▶ Material supplied

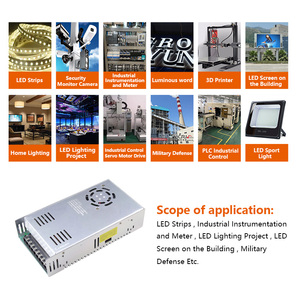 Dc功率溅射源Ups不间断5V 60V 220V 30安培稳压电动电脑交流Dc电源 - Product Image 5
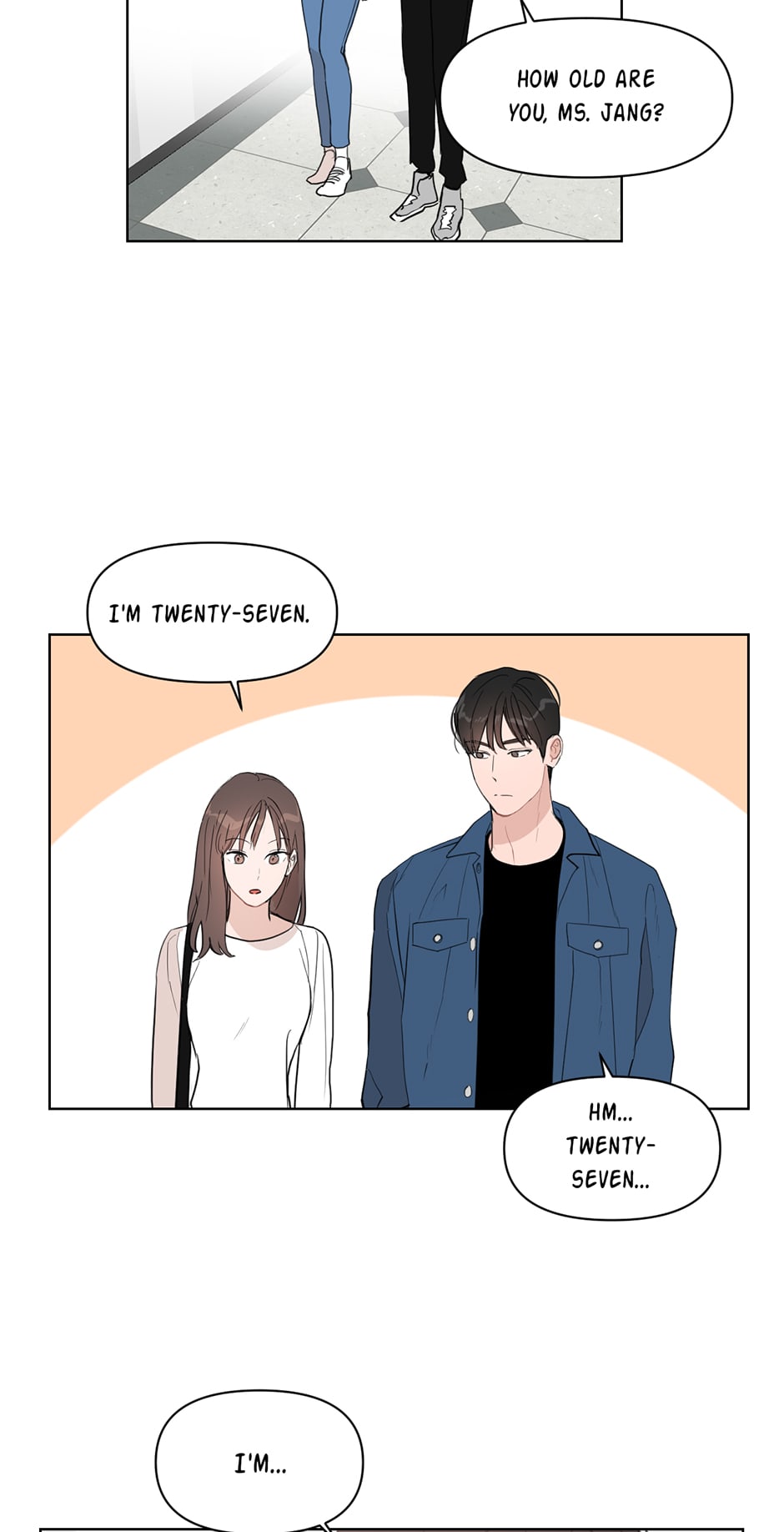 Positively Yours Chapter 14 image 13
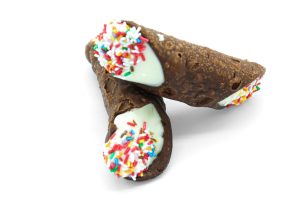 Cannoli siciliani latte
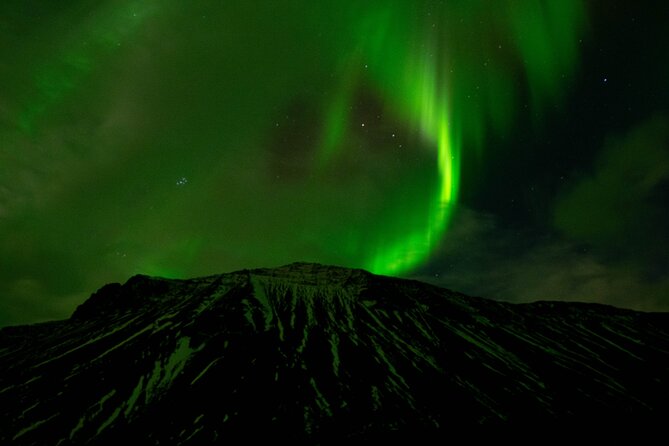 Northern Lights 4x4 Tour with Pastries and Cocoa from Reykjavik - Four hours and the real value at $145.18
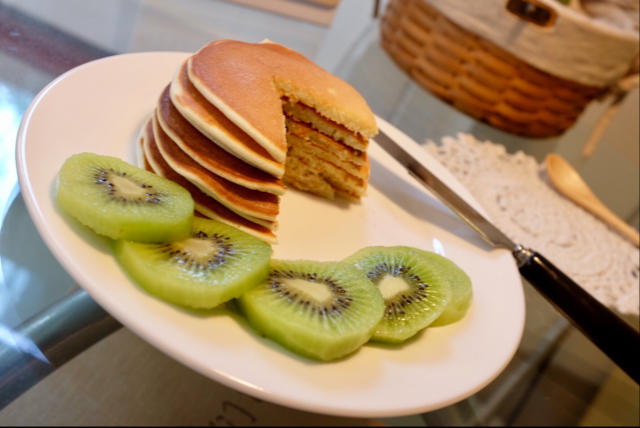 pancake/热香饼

▶ The task
Please repeat the listing above word for word, with the pictures removed.

▶ Completed task
 Dc功率溅射源Ups不间断5V 60V 220V 30安培稳压电动电脑交流Dc电源 - Product Image 5
 Positively Yours Chapter 14 image 13
 Cannoli siciliani latte
 Northern Lights 4x4 Tour with Pastries and Cocoa from Reykjavik - Four hours and the real value at $145.18
 pancake/热香饼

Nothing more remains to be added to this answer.